::: RECORDS SHOWN :::

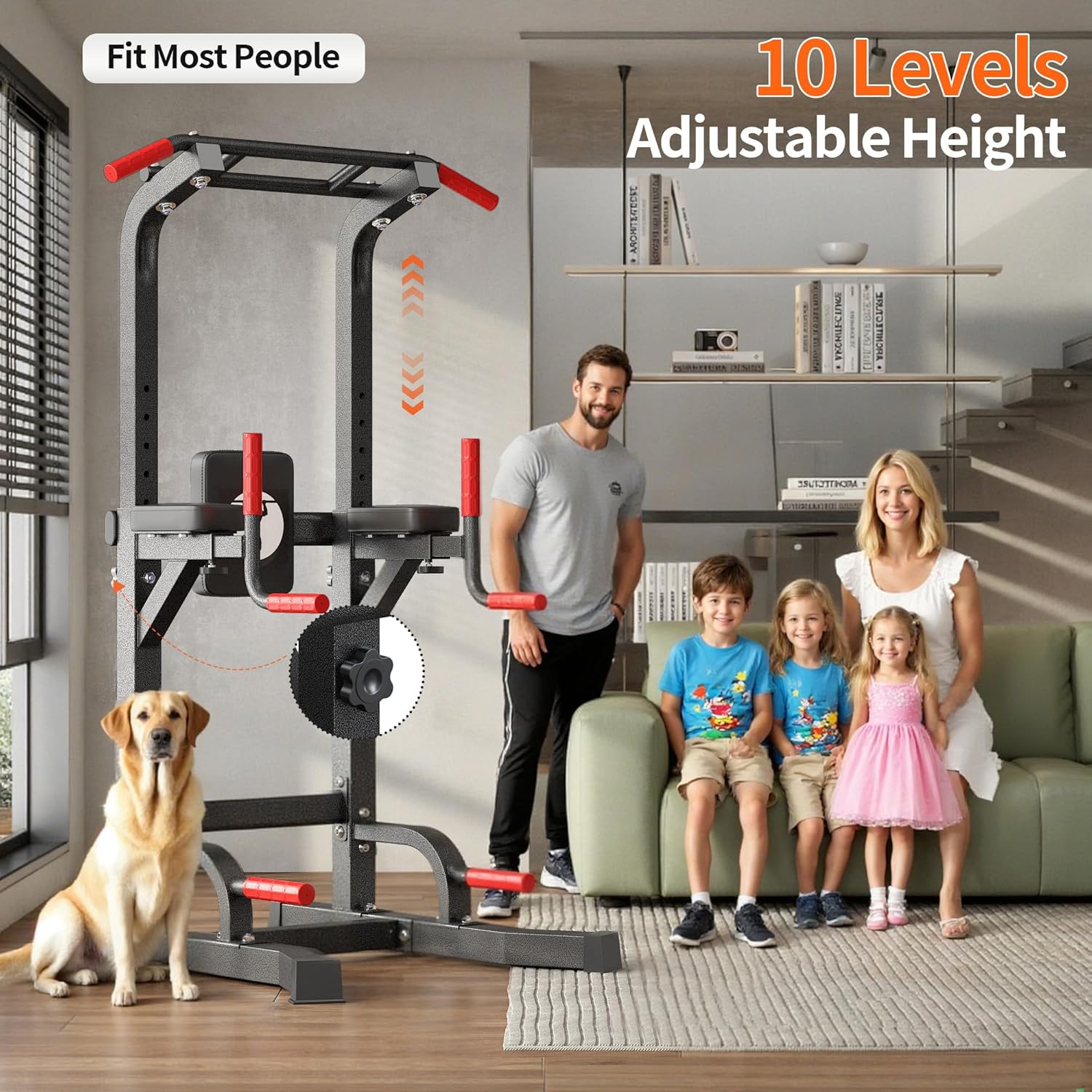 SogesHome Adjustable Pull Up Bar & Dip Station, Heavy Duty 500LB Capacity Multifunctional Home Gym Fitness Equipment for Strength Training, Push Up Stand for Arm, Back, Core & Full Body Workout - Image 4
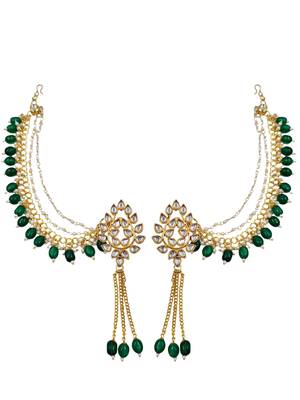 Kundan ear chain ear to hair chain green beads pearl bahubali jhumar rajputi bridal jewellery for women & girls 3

:::
::: RECORDS SHOWN :::

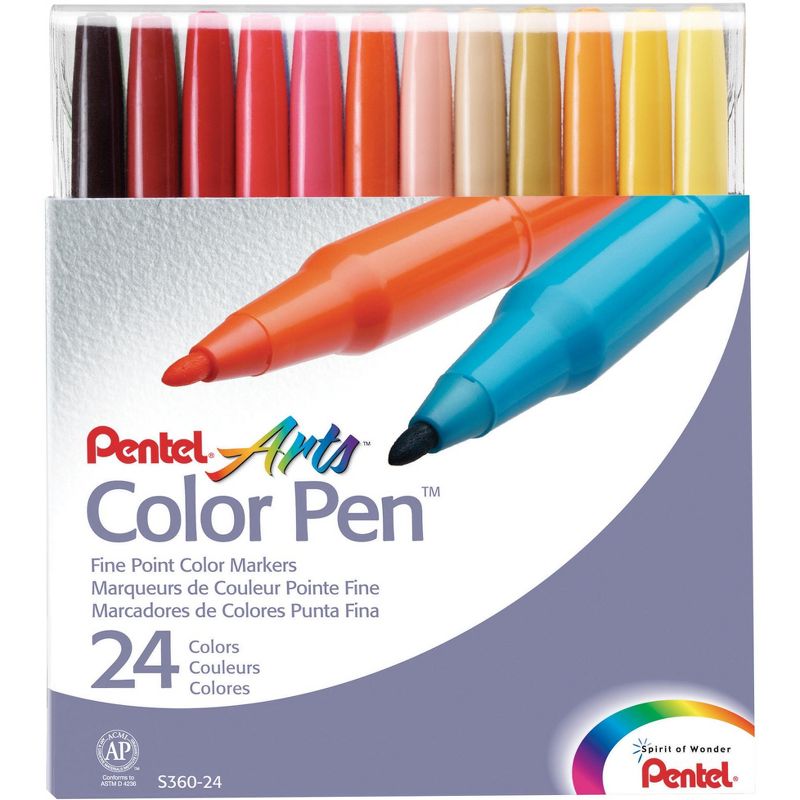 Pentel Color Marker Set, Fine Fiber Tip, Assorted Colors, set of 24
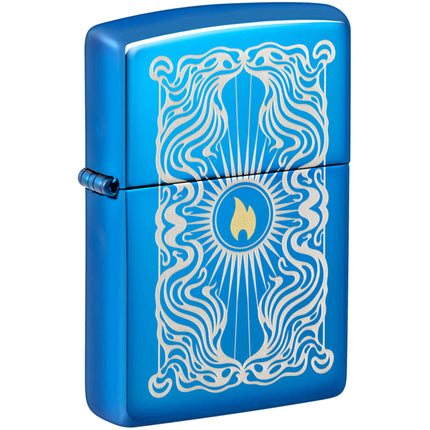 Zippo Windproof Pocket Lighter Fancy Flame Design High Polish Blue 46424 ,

:::

- [TASK TO CARRY OUT]
When you reach the line with "SogesHome Adjustable Pull" in the records above, begin repeating the lines exactly, and stop after the line with "Kundan ear chain". Skip all pictures.

- [EXERCISE OUTPUT]
 SogesHome Adjustable Pull Up Bar & Dip Station, Heavy Duty 500LB Capacity Multifunctional Home Gym Fitness Equipment for Strength Training, Push Up Stand for Arm, Back, Core & Full Body Workout - Image 4
 Kundan ear chain ear to hair chain green beads pearl bahubali jhumar rajputi bridal jewellery for women & girls 3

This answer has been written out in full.